Scott Starks employee spotlight graphic

Employee Spotlight – Scott Starks

Scott Starks is a senior project specialist who is currently working on the Oshkosh School District projects, Whitefish Bay School District Library projects, and Wrightstown Elementary School.

His day-to-day responsibilities include working with the project team to develop a design vision, preparing client presentations, making construction documents, and managing the construction process.

Over his 25-year career, Scott has worked on several types of projects at different scales. He especially enjoys working on educational projects because they often come with constraints that make the project challenging – in a good way. “The constraints push the way we think about a project,” he says. “We need to make sure the design is solving the problem for the client, but it should also be inspiring. We always aim to strike that balance, regardless of the project’s size and budget.”

One of the things Scott enjoys most about his long career is being able to look back to see how he’s evolved through it. “Because I’m able to see the evolution – and there has been one – I know I’ll continue to grow as I move forward,” he says. “Being able to watch that progress has been really encouraging. I haven’t stopped learning and evolving.”

Scott didn’t always know that he wanted to work in architecture, but he has a few childhood memories that shed some light on how he chose his career path. “In the yard of the house where I grew up, there was a long retaining wall made of rocks,” he says. “I remember playing with my toys in the nooks and crannies of the wall. I think that kind of play pointed me in the direction of creating environments.”

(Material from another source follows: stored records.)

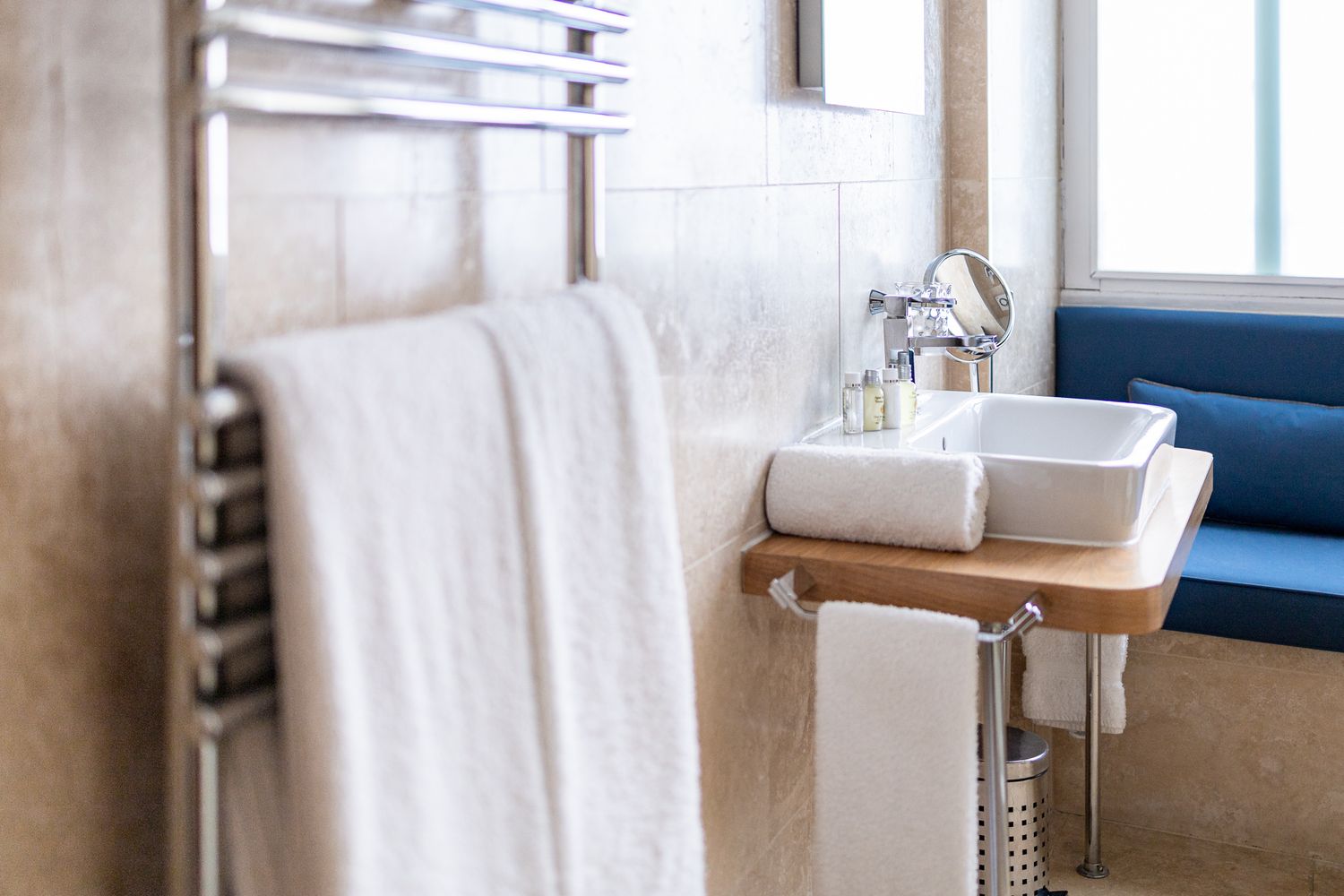 Hotel bathroom detail with chrome heated towel rail, white towels, wall-mounted basin on wooden shelf, toiletries and natural window light, bathroom detail photography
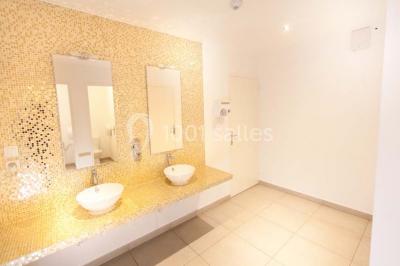 Salle de bain lumineuse avec deux lavabos, miroirs et murs ornés de mosaïques dorées.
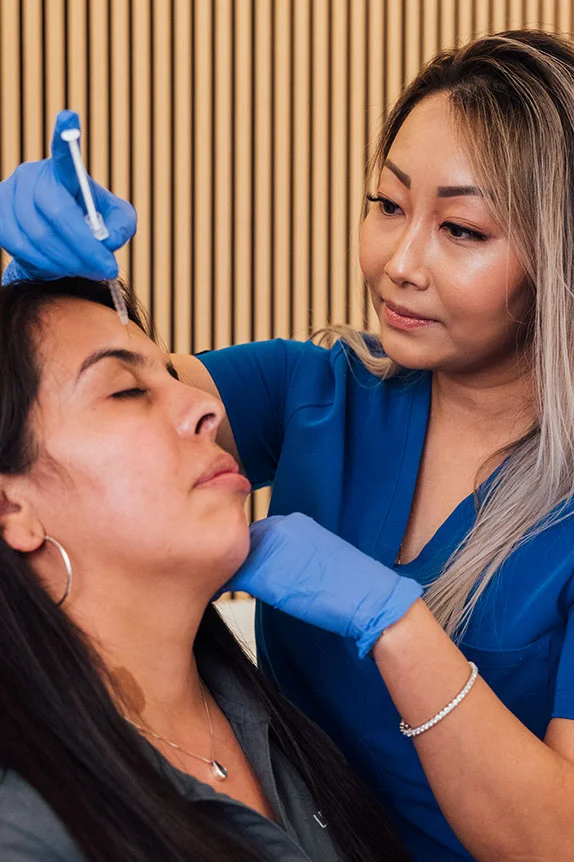 A female practitioner in blue scrubs and blue gloves is administering an injection, likely Botox or a filler, to a patient's forehead. The patient is lying back with her eyes closed. The background has a textured wall of vertical wooden slats. - Botox and Wrinkle Relaxers in The Colony, TX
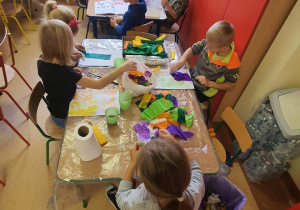 Dzieci wykonują pracę plastyczną przy stoliku.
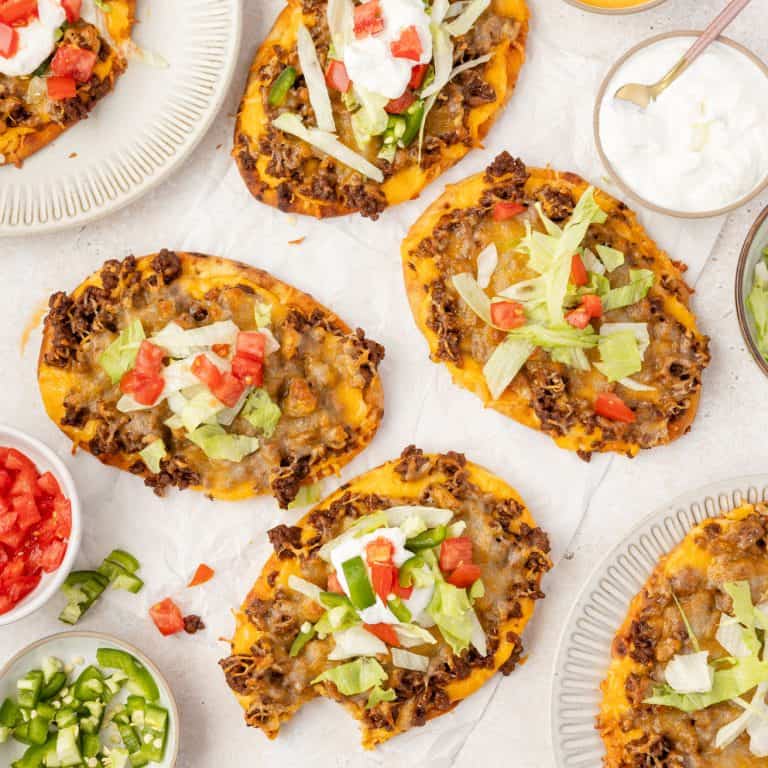 Taco pizzas on a table with toppings.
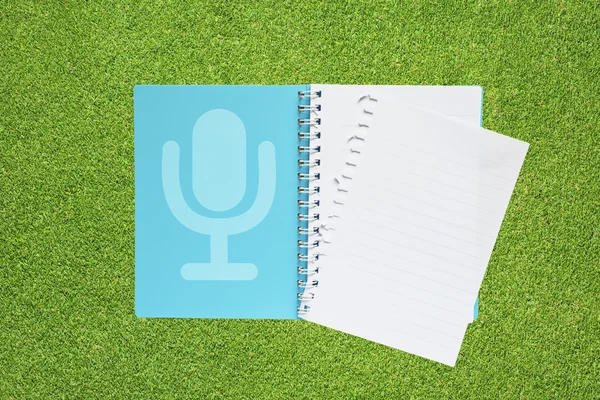 Microphone with music on grass background — Stock Photo, Image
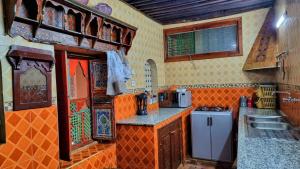 a kitchen with a stove and a sink in it at Dar La Bague de Kenza in Fez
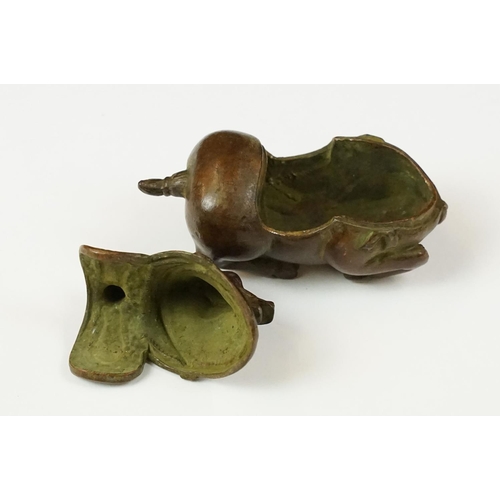 223 - A Chinese copper writing brush / pen washer statue in the form of a horse, removable lid, measures a... 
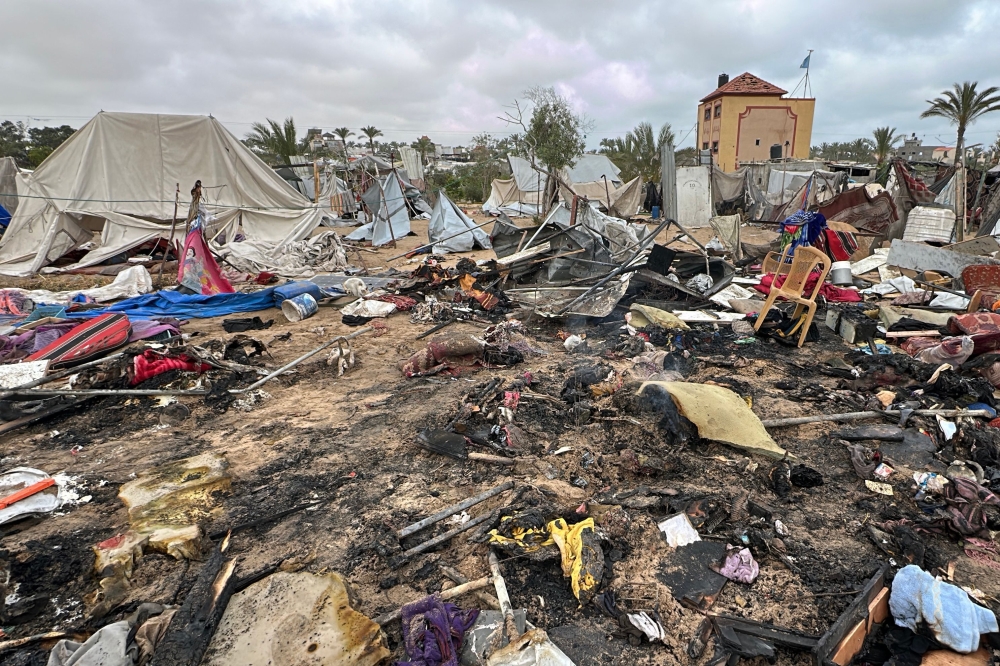 Charred debris is scattered on the ground at the site of Israeli strikes on a displacement tent camp, in the Mawasi area west of Khan Yunis in the southern Gaza Strip on May 18, 2025. — AFP pic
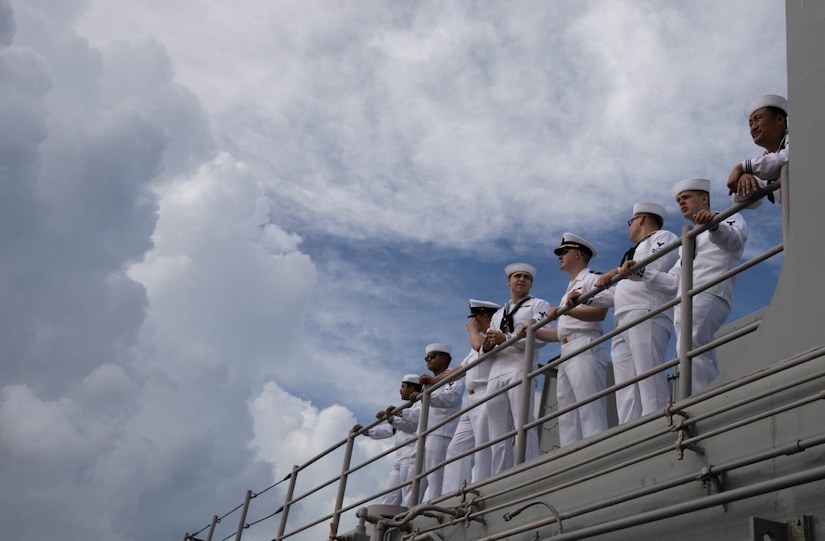 Sailors stand aboard a ship.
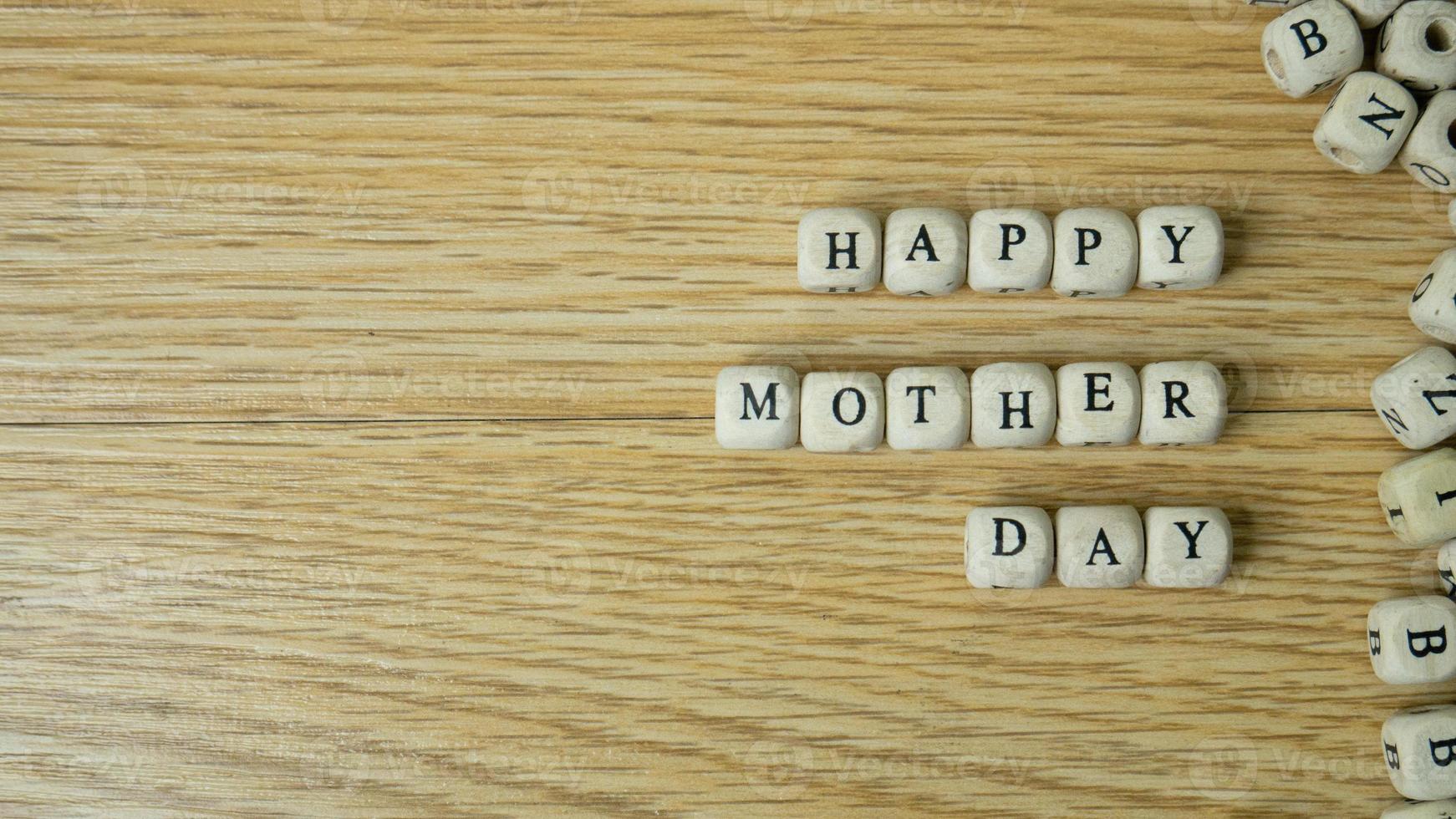 The wood cube word happy mother day for holiday concept photo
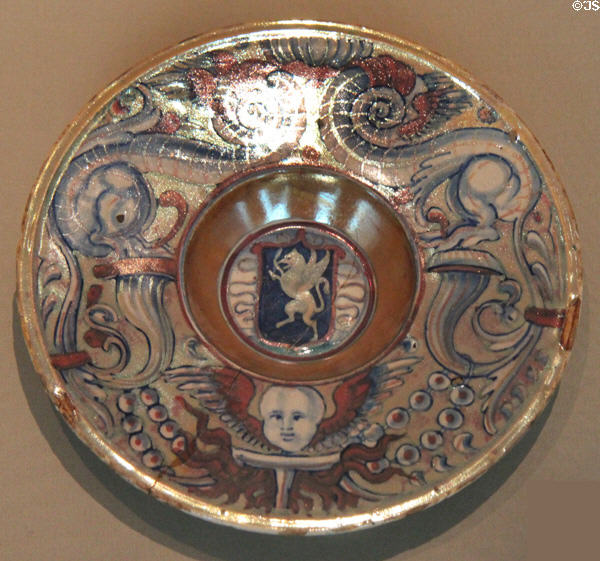 Maiolica plate with arms of Perugia? (c1525) by workshop of Maestro Giorgio Andreoli of Gubbio at Ashmolean Museum. Oxford, England.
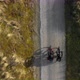 Man and woman riding bikes on dirt road, Nes, Friesland, Netherlands - VideoHive Item for Sale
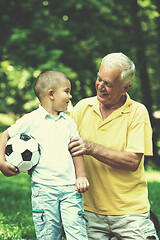 Image showing grandfather and child have fun  in park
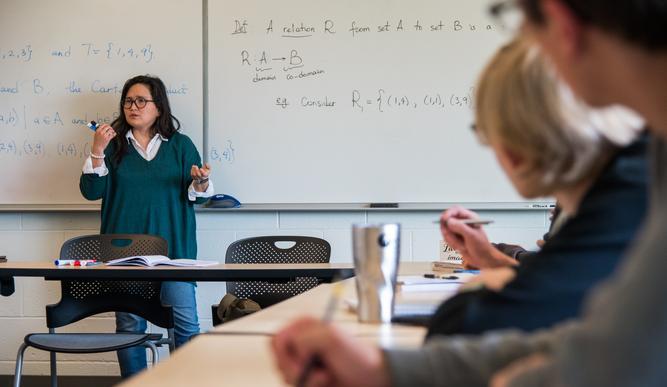 A professor speaks in front of a white board in a small classroom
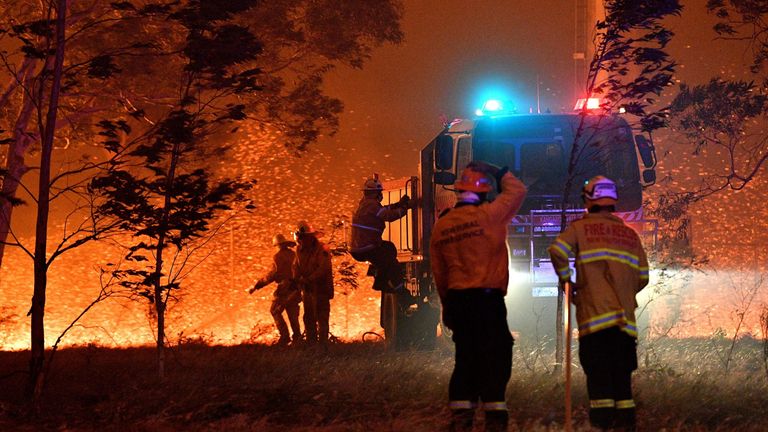 Firefighters hose down trees as they battle against bushfires around the town of Nowra in the Australian state of New South Wales on December 31, 2019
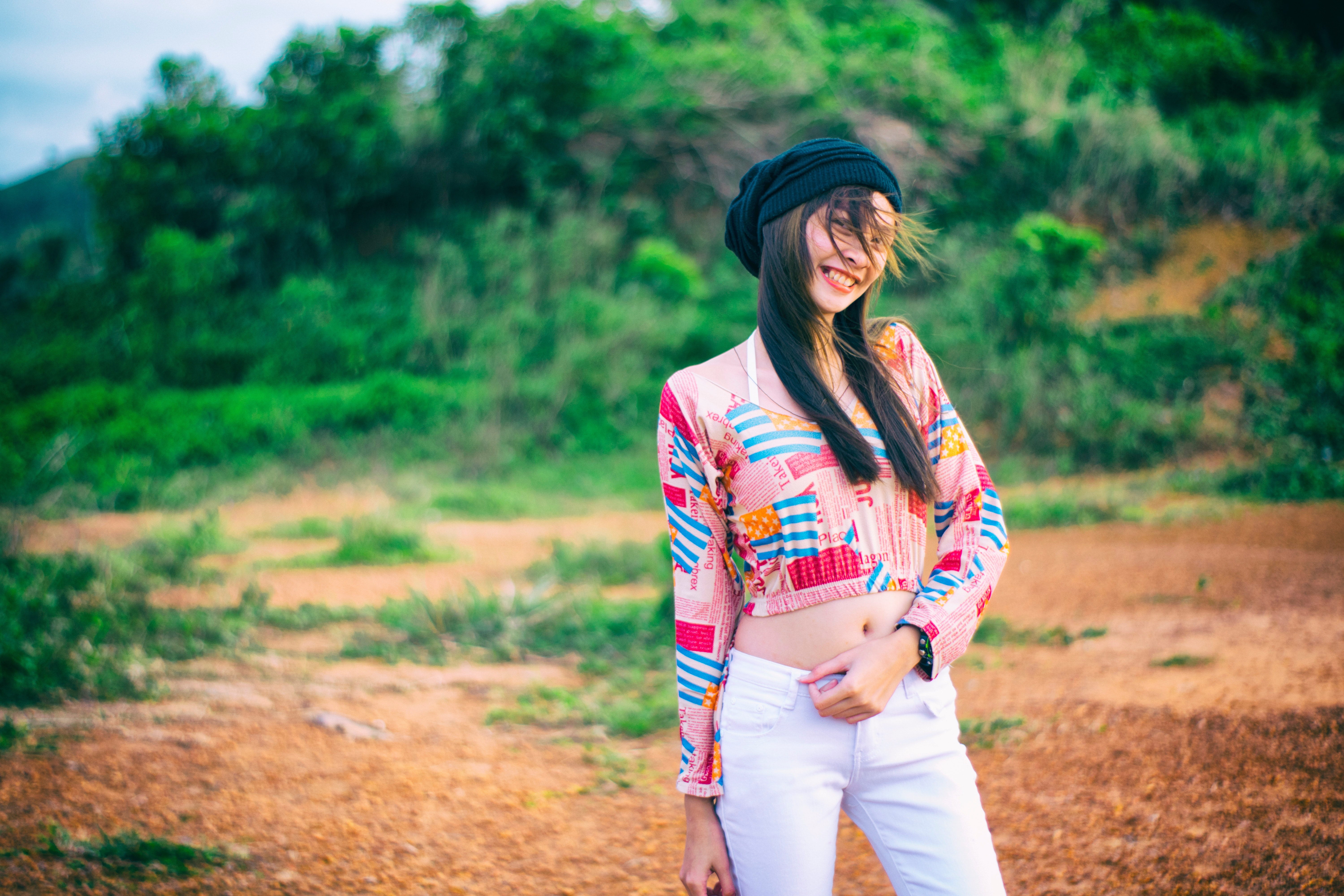 Photo of woman wearing colorful top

Scott’s passion for design doesn’t stop at 5 p.m. each day – he brings it home, too. His latest design projects outside of the office include complete porch and kitchen renovations to his 100-year-old-plus house. Just like he would for a project at work, Scott has modeled his vision for the new kitchen. “The kitchen is being demolished right now, but seeing the model keeps me excited about the project,” he says. “It’s motivation to keep working on it.”